WORK TO COMPLETE — Only the number is needed: count the lines below that hold the string "with".

SUPPLIED MATERIAL —
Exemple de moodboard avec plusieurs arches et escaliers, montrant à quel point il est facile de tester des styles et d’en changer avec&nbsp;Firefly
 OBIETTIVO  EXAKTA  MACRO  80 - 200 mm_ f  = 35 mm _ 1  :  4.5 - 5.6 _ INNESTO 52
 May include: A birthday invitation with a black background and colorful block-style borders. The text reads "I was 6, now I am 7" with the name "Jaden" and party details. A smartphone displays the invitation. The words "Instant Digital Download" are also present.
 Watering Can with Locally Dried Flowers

YOUR RESPONSE — 2